Для сегодняшней России эта тема чрезвычайно существенна. В нашей стране всегда был и остается важным выбор влиятельной частью общества какой-либо доминантной, глобальной идеи. Дурно ли это, хорошо ли — но это так. Сегодня прогрессистские идеи потерпели крах, и реальная борьба за влияние и престиж ведется в лагере правых, консервативных идеологий.
Что означают выделенные слова сейчас, к чему приведет нас российский неоконсерватизм завтра?
Первая из публикуемых статей посвящена немецкой “консервативной революции” 20—30-х годов. Именно немецкий консерватизм (а не рассматриваемые, в основном, Греем англосаксонские его модели) всегда был типологически родственен российскому. Давно законченную, закрытую историей (но искусственно возрождаемую сегодня) грустную тему консервативной революции в Германии мы и постарались рассмотреть.
Вторая же статья — уже о возрождающих, о сегодняшнем неоконсерватизме в России. Так ли писать выделенный термин, или по справедливости не обойтись без жирных кавычек? Не будем предрешать выводы. Пусть судит читатель.
Статья первая
Образ и действительность консервативной революции
За последние годы термин “консервативная революция” окончательно вошел в наш публицистический язык. При всей его многозначности одно значение — основное: так называют немецкий культурно-политический феномен первой трети минувшего века, свое родство с ним прокламирует сегодня одно из перспективных российских политических течений. Упорная самоидентификация уже сама по себе — достаточно значимое для характеристики движения обстоятельство; но сколь все-таки выдаваемая “метрика” соответствует действительности? Сходство на уровне лозунгов бросается в глаза; говорить о подлинном наследовании, внутреннем родстве это, разумеется, еще не позволяет...

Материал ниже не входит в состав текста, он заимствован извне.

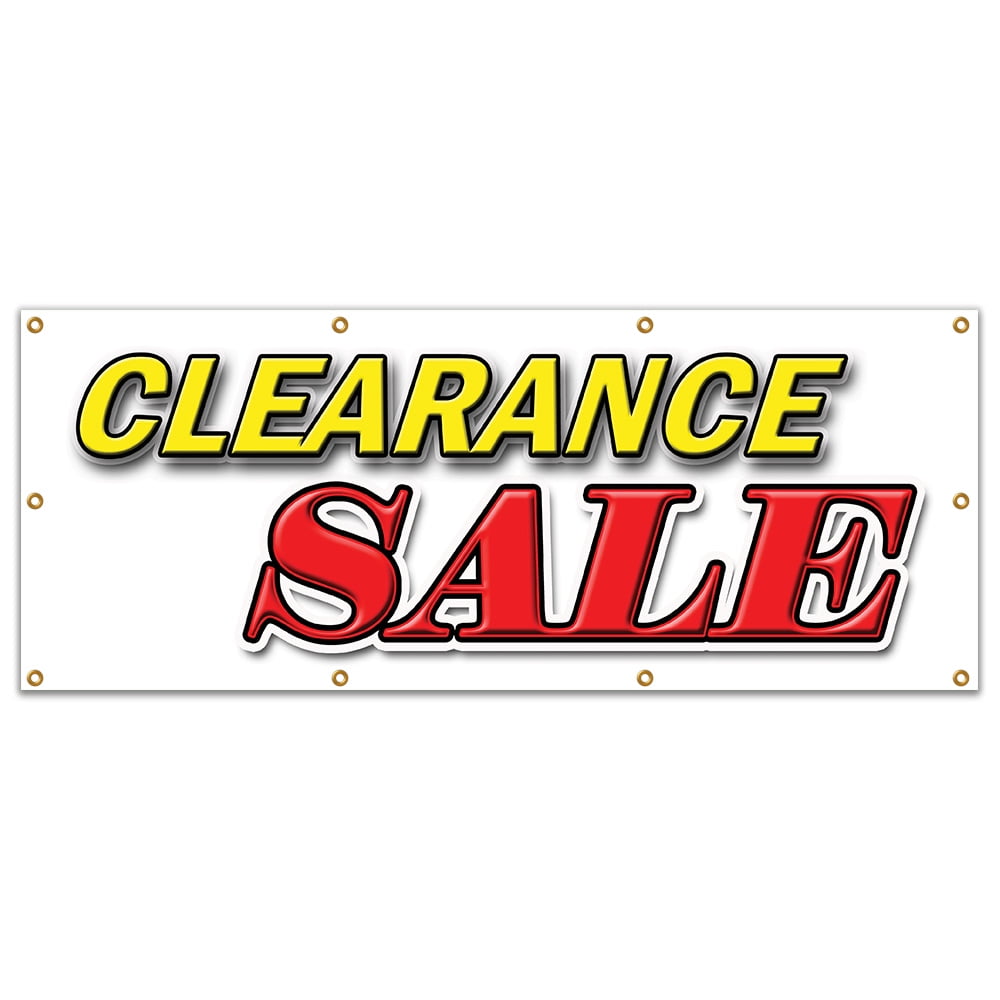 36"x96" CLEARANCE SALE BANNER SIGN retail sign signs store 50% off huge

Что же это такое — “консервативная революция”? Шпенглер, Юнгер, Хайдеггер — все мы знаем эти имена, ответ на вопрос “кто?” прост и ясен; но что объединяло этих людей? Попытки ответить нередко заводят в тупик; даже в научной литературе утверждают подчас, что консервативной революции... просто никогда не существовало2. Так исследователи спорят о бытии лишь вчера, почти на наших глазах канувшей на дно Атлантиды.

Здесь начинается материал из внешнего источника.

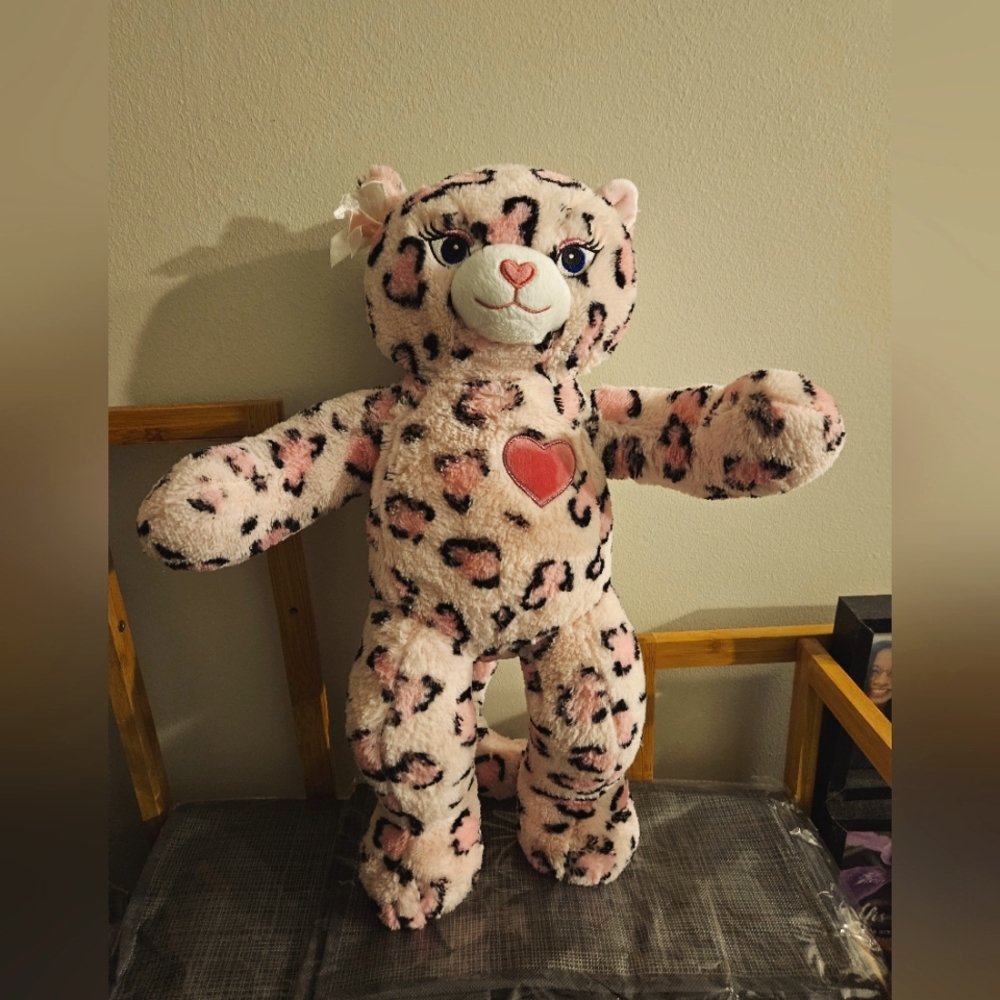*Rare*Build A Bear Pink Leopard
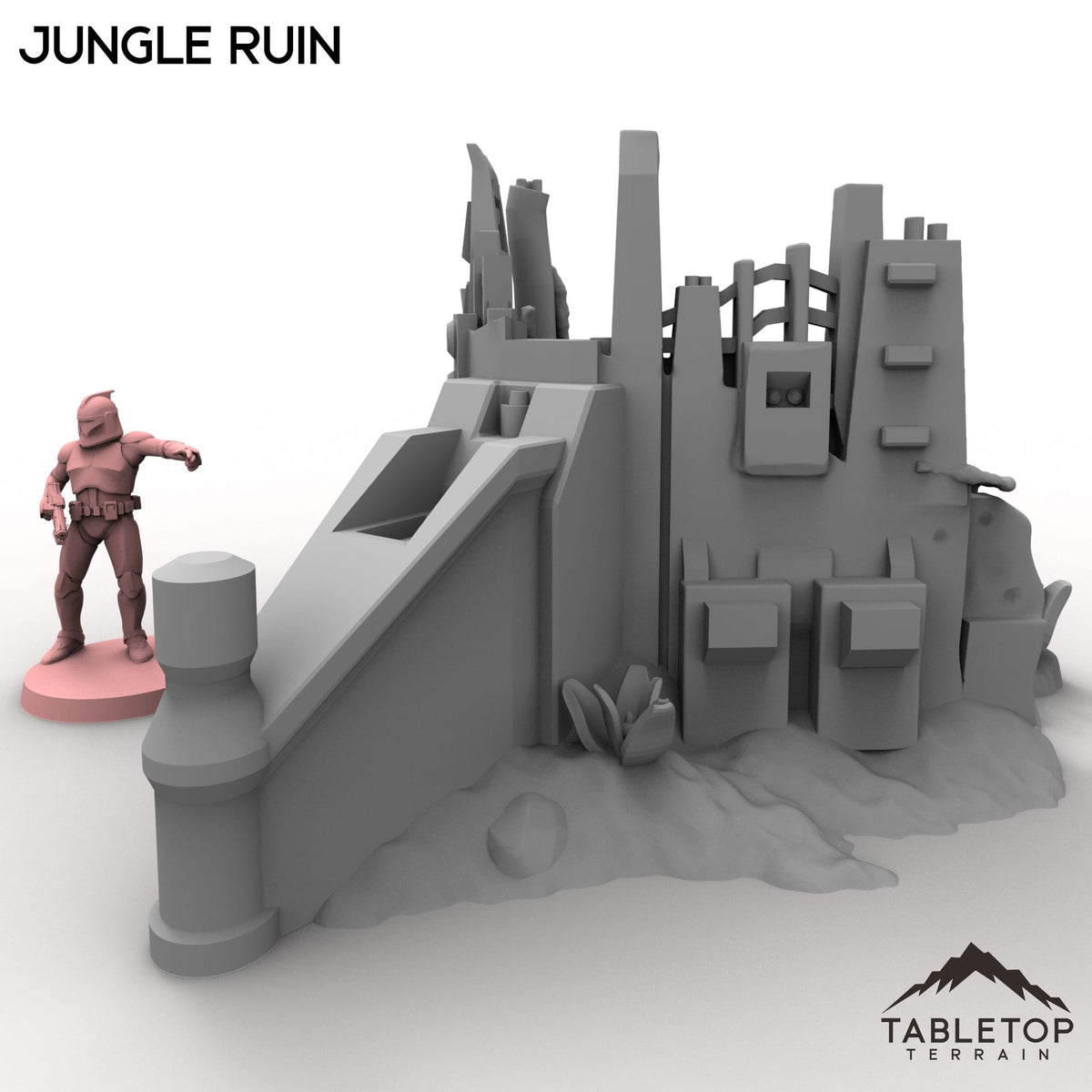 Tabletop Terrain Building Jungle Ruin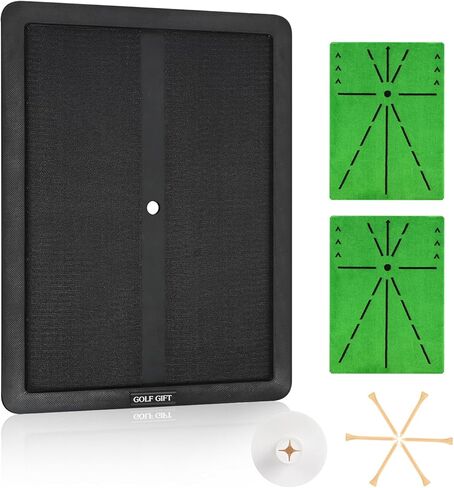 Golf Hitting Mat, with Clear Swing Path Feedback, Flannel Mat 13 * 17in Replaceable Practice Mat Without Rubber Base for Indoor/Outdoor,Golf Gifts for Men/Women Golfers in Saudi Arabia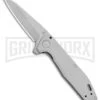 Gerber Fastball Urban Gray Aluminum Liner Lock Flipper Knife - Stonewash Plain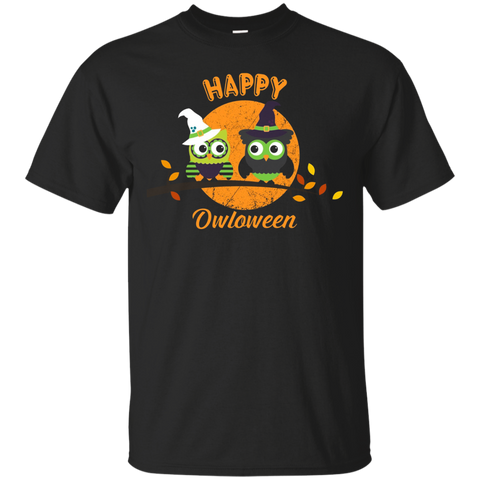 Owl Halloween Shirt_black=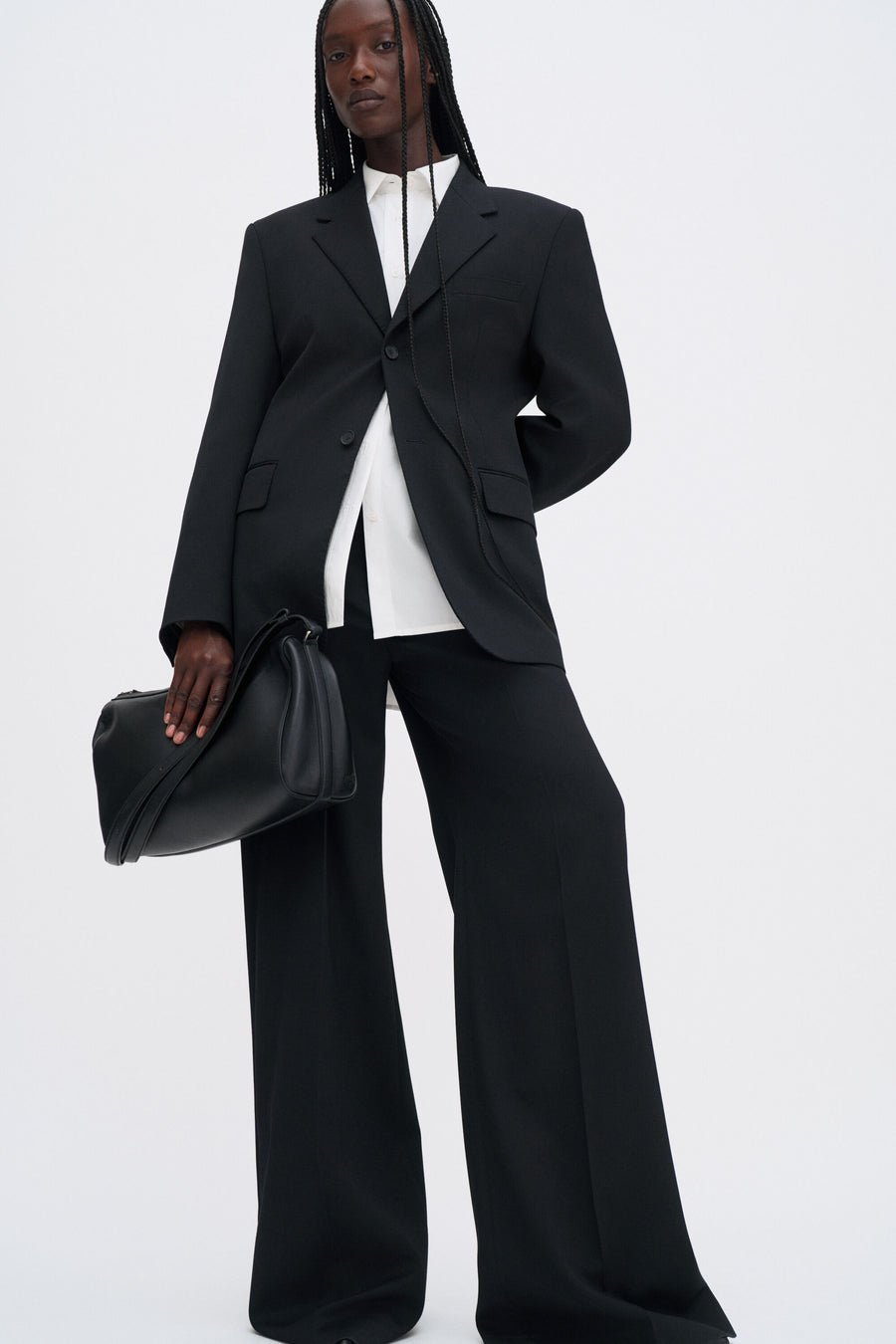 Hourglass Blazer Anthracite Pinstripe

Для начала предельно упростим картину. Были люди; были лозунги, совпадающие с сегодняшними (допустим, что так). Этим людям — и не только им — дано было увидеть открывшуюся за лозунгами реальность. Как были связаны провозглашенное и воплотившееся; что говорили, что писали об этой связи сами консервативные революционеры? Не странно ли после трагического мирового эксперимента под названием “Третий Рейх” невозмутимо обсуждать, как это сегодня и происходит, лишь абстрактно-теоретические предпосылки этого эксперимента?

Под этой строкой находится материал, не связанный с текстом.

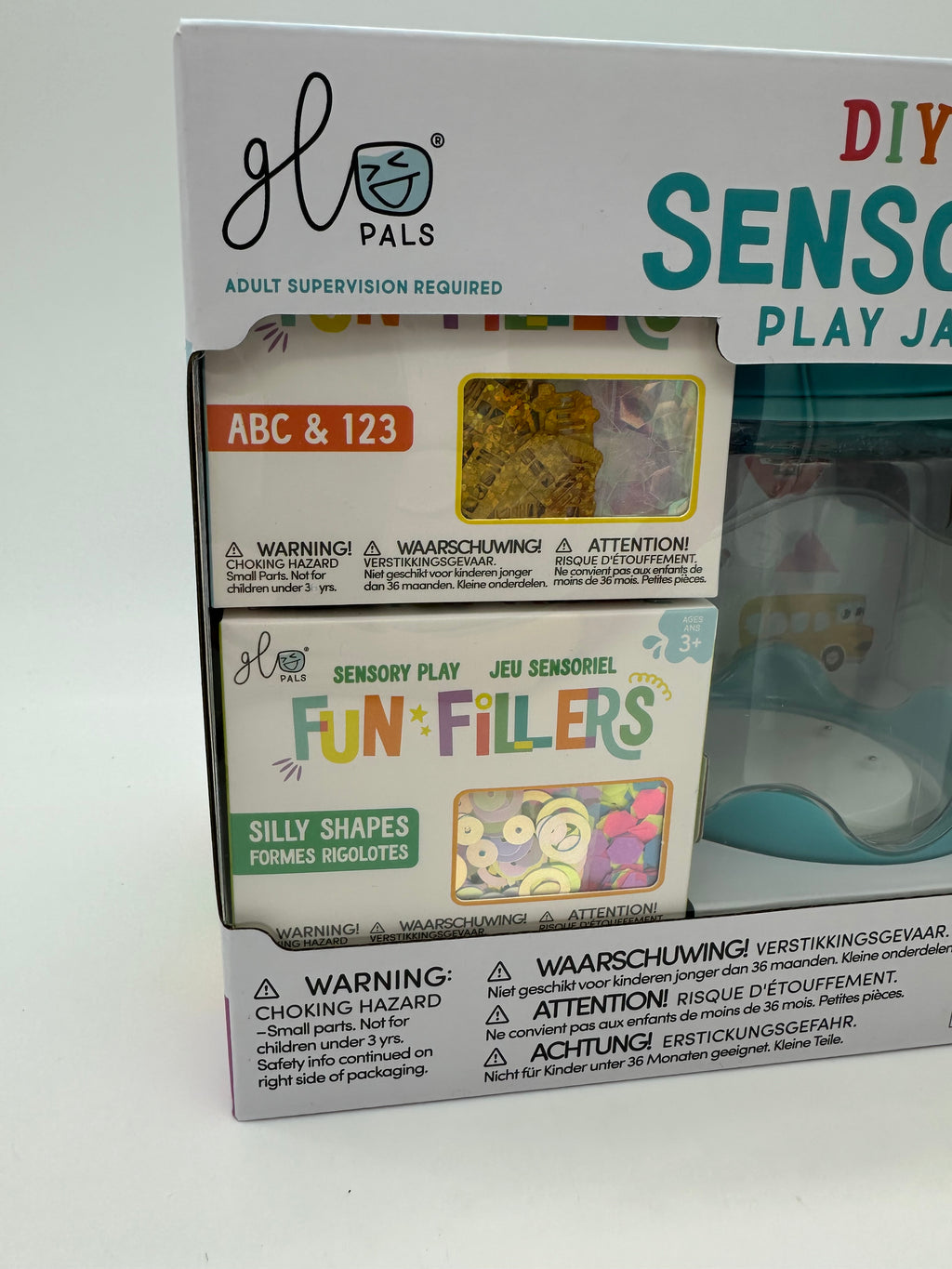 Glo Pals DIY Sensory Play Jar Geschenkset „Zoo“ – Leuchtendes Sensorik-Spielzeug für kreative Entdecker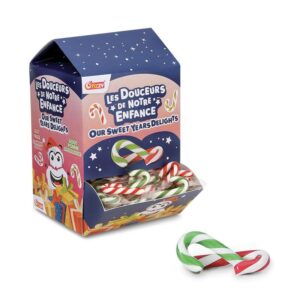 Distributeur de 150 Mini Candy Canes - Fizzy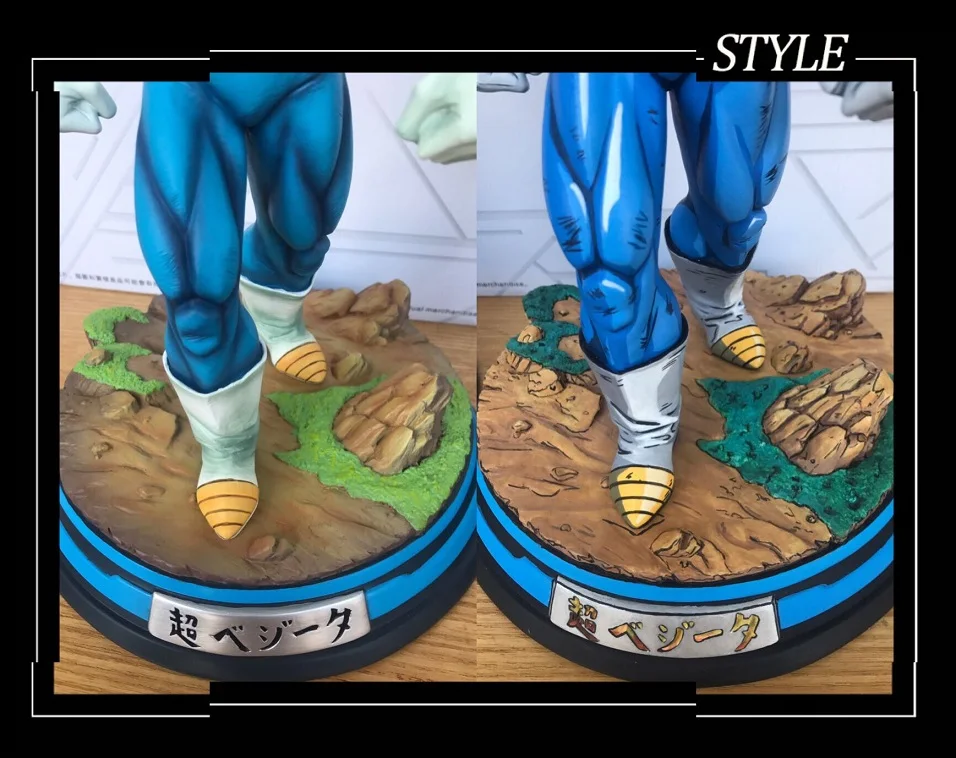 Модель вееров Dragon Ball Z super saiyan 2 Вегета GK статуя смолы фигурка для коллекции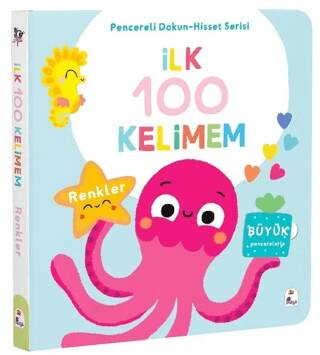 İlk 100 Kelimem – Renkler Pencereli Dokun-Hisset - 1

В общем, резонов разобраться в консервативной революции накопилось достаточно. Приведем напоследок еще один: речь ведь идет о последнем великом явлении немецкой культуры. И не так уж давно и западникам, и славянофилам странен показался бы сам вопрос: есть ли русским до него дело?
О консервативной революции мы знаем не так уж много. Чтобы понять этот странный факт, надо попытаться представить себе обстановку всеобщей деморализации в Германии послевоенных лет. Не только чудовищный Рейх потерпел поражение во Второй мировой. Немцы отнюдь не делились на матерых гитлеровцев и демократических борцов с диктатурой, более сложные и неоднозначные отношения связывали культурную элиту и режим страны. Поражение уравняло всех. А уж тем более тех людей культуры, к которым и вправду можно было предъявить какие-то претензии. Масштабы претензий, да подчас и сама обоснованность их — такие мелочи никого не волновали в денацификационном угаре. Многословно оправдывались те, кому лучше было бы помолчать; те, кому было что сказать, сочли более достойным молчание. Все было как всегда.